The idea is very simple. We pick some layer from the network, pass the starting image through the network to extract features at the chosen layer, set the gradient at that layer equal to the activations themselves, and then backpropagate to the image. This has the effect of modifying the image to amplify the activations at the chosen layer of the network.

For DeepDream we usually extract features from one of the convolutional layers, allowing us to generate images of any resolution.

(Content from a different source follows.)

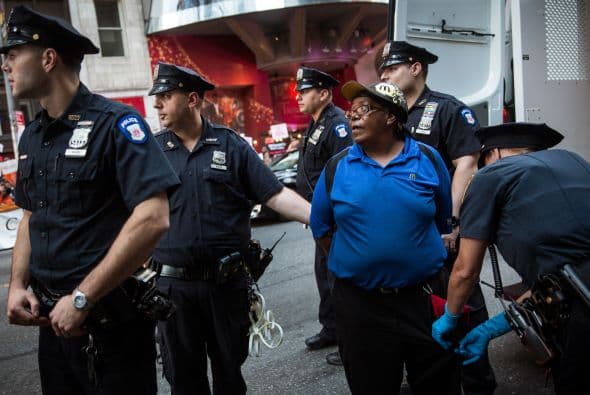 De acuerdo con el Sindicato Internacional de Empleados de Servicios, al menos 50 personas fueron arrestadas en una protesta en la ciudad de Detroit.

We can implement this idea using our pretrained network. The results probably won't look as good as Google's since their network is much bigger, but we should still be able to generate some interesting images.



In [57]:

    
def deepdream(X, layer, model, **kwargs):
  """
  Generate a DeepDream image.
  
  Inputs:
  - X: Starting image, of shape (1, 3, H, W)
  - layer: Index of layer at which to dream
  - model: A PretrainedCNN object
  
  Keyword arguments:
  - learning_rate: How much to update the image at each iteration
  - max_jitter: Maximum number of pixels for jitter regularization
  - num_iterations: How many iterations to run for
  - show_every: How often to show the generated image
  """
  
  X = X.copy()
  
  learning_rate = kwargs.pop('learning_rate', 5.0)
  max_jitter = kwargs.pop('max_jitter', 16)
  num_iterations = kwargs.pop('num_iterations', 100)
  #num_iterations = 1
  show_every = kwargs.pop('show_every', 25)
  
  for t in xrange(num_iterations):
    # As a regularizer, add random jitter to the image
    ox, oy = np.random.randint(-max_jitter, max_jitter+1, 2)
    X = np.roll(np.roll(X, ox, -1), oy, -2)

    dX = None
    ############################################################################
    # TODO: Compute the image gradient dX using the DeepDream method. You'll   #
    # need to use the forward and backward methods of the model object to      #
    # extract activations and set gradients for the chosen layer. After        #
    # computing the image gradient dX, you should use the learning rate to     #
    # update the image X.                                                      #
    ############################################################################
    out, cache = model.forward(X, end=layer)
    dX, _ = model.backward(out, cache)
    #dX *= 1.0/np.abs(dX).mean() #normalize the step size, learned from google's article
    X += learning_rate*dX
    ############################################################################
    #                             END OF YOUR CODE                             #
    ############################################################################
    
    # Undo the jitter
    X = np.roll(np.roll(X, -ox, -1), -oy, -2)
    
    # As a regularizer, clip the image
    mean_pixel = data['mean_image'].mean(axis=(1, 2), keepdims=True)
    X = np.clip(X, -mean_pixel, 255.0 - mean_pixel)
    
    # Periodically show the image
    if t == 0 or (t + 1) % show_every == 0:
      img = deprocess_image(X, data['mean_image'], mean='pixel')
      plt.imshow(img)
      plt.title('t = %d' % (t + 1))
      plt.gcf().set_size_inches(8, 8)
      plt.axis('off')
      plt.show()
  return X

Generate some images!

Try and generate a cool-looking DeepDeam image using the pretrained network. You can try using different layers, or starting from different images. You can reduce the image size if it runs too slowly on your machine, or increase the image size if you are feeling ambitious.



In [58]:

    
def read_image(filename, max_size):
  """
  Read an image from disk and resize it so its larger side is max_size
  """
  img = imread(filename)
  H, W, _ = img.shape
  if H >= W:
    img = imresize(img, (max_size, int(W * float(max_size) / H)))
  elif H < W:
    img = imresize(img, (int(H * float(max_size) / W), max_size))
  return img

filename = 'kitten.jpg'
#filename = 'sky.jpg'
max_size = 400
img = read_image(filename, max_size)
plt.imshow(img)
plt.axis('off')

# Preprocess the image by converting to float, transposing,
# and performing mean subtraction.
img_pre = preprocess_image(img, data['mean_image'], mean='pixel')

out = deepdream(img_pre, 7, model, learning_rate=2000)

We can see a lot of dog faces in the image, when I looked for the reason it turned out that the imagenet dataset has lots of dog faces, which explains the reason.